Should you snooze on timing the market?
In last week’s post, we discussed how market volatility can be beneficial to your investment portfolio if you capitalize on the dips in the market by buying stocks “on sale”. (If you haven’t read that, you can find it here.) In that post, I gave the example of a pair of Nikes going on sale for 20% off, and we concluded that you would obviously want to buy the Nikes on sale as opposed to at full price. When the market declines and stock prices go down, the same principle applies, and you want to invest at the lower “sale” price.
To get the highest possible return on your investments, you need to invest at the lowest price, and sell at the highest price. Trying to predict future prices to perfectly time your buy or sale is called timing the market. Sounds simple enough, right? WRONG!
A few months ago, the panic surrounding the novel coronavirus caused investors to liquidate their investments, and stock prices plummeted. A large scale sell-off, like the one caused by the coronavirus, decreases stock prices because the selling of shares signals that investors think stock prices are about to decline, and they are trying to sell their stocks at the highest possible price in order to receive the largest possible return. When other investors see this, they also want to sell at the highest possible price, so they then sell their shares, which further devalues the stock, and the trend continues. The algorithms that are now used to buy and sell stocks further complicate this, but that is a topic for a whole different post.

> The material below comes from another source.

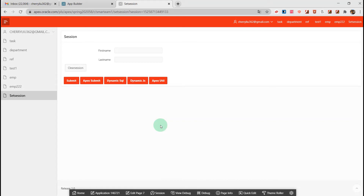Hello everyone. In this video I'm going to talk about how to put an item into a session state. There are a few ways to achieve it. Session state is on the server side and it stores the item and each value in order to calculate a query, process validation, and more. This video will cover all the scenarios for setting the session state.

With stocks plummeting, it now becomes a buyers market. But how will you know when the sell-off stops and the stock is at its lowest price? Bad news, you won’t. In these scenarios, unless you are lucky enough to be the first seller before the price drops, or the first buyer before the price starts to increase, you didn’t time the market properly. While sales on goods usually have a defined start and end date, as wells as a defined discount, the stock market is not as transparent. Timing the market to wait for stocks to be at their lowest price to buy, or highest price to sell, is nearly impossible. On top of that, the amount of anxiety you will feel trying to make these decisions will be paralyzing.

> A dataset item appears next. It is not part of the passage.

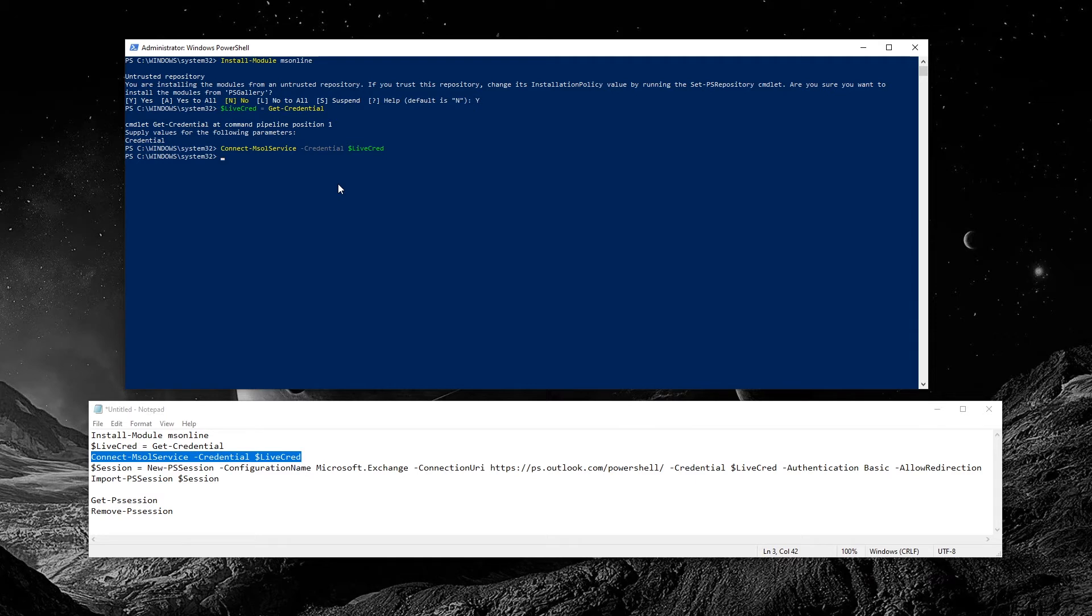Finally, we will start a session and connect to the session so we can admin our Office 365 tenant.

To avoid the anxiety around picking the perfect time to invest, and usually failing, I recommend using a long term investing strategy with a phased in investing approach. So how do you do this? Let’s say you have $1,000 you want to invest. Instead of trying to pick the perfect time to invest all $1,000, you could invest $200 over the next 5 weeks, or $100 over the next 10 weeks, or $200 over the next 5 months. You get it.
This approach helps mitigate any losses you may experience from a down period that occurs after you make your investment. Since market volatility is just that, volatile, you may think the stock is beginning to rebound only to see it drop significantly again. If you phase your investments in and invest the $200 over 5 months, you will only experience a loss on the portion of your $1,000 that you’ve already invested, and you will be able to capitalize on investing the rest of the $1,000 at the now lowered price.

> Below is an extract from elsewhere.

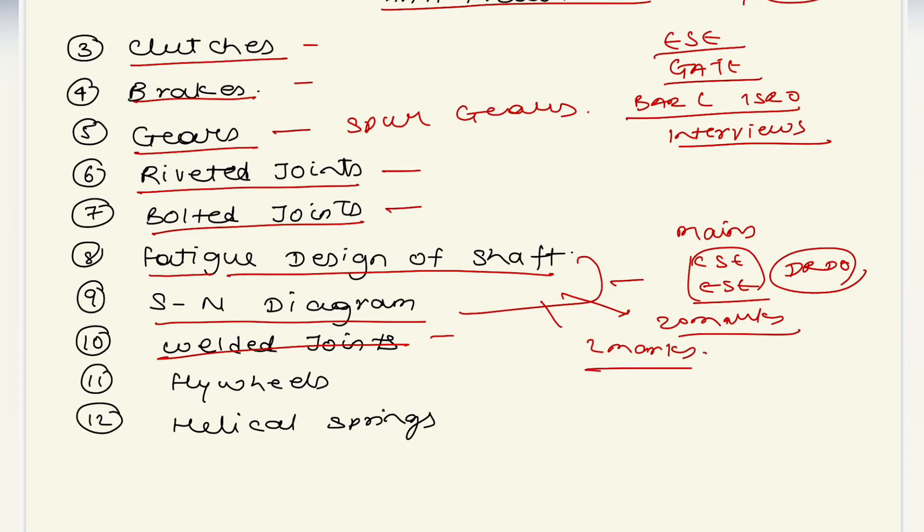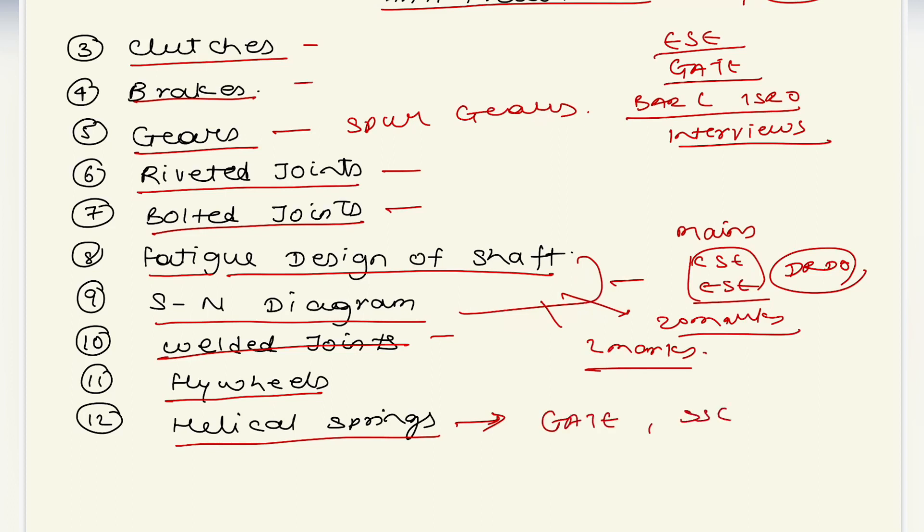Helical springs - this topic is very likely going to be asked in GATE and your SSE exams.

Take a look at the table below.
|Approach 1||Approach 2|
Approach one uses a lump sum investment, and approach 2 uses phased in investing. You can see that if the market continues to decline and you use a phased investing approach, you will be able to capitalize on the decline in prices, and have higher returns at the end of the down cycle.
The downside to this approach is that it also works in the opposite direction. So, if you phased your investments in during an increase in the market, this would have the opposite affect on your investments, and the lump sum would give you the higher overall return. Let me be clear that using a phased in approach and making some investments at a higher price does not make these investments losses! Basically, this means you bought one pair of Nikes on sale, and the next pair at full price. In both cases, the Nikes are still well worth the money, you just got a better deal on the first pair.
Since it is so hard to time the market, and nearly impossible to predict what will heavily impact it (did you see the coronavirus coming?), minimizing your stress about investing, while making smart decisions to create a generous return for yourself is ideal compared to trying to perfectly time the market, failing, and not investing at all or losing money by paying a financial advisor to do it for you. (News flash, financial advisors also didn’t see the coronavirus coming.)
To minimize your stress, set up an investment account and make small, regular investments over many years. This allows you to use the higher returns you will receive from investing during a downturn (sale pricing), to compensate for the higher prices you will invest at during the up swings (regular pricing), all while never having to worry about what the stock market is doing. Pick an amount of money that fits your budget, and auto invest it at regular intervals. This is an easy and worry-free long term investing approach that anyone can start today.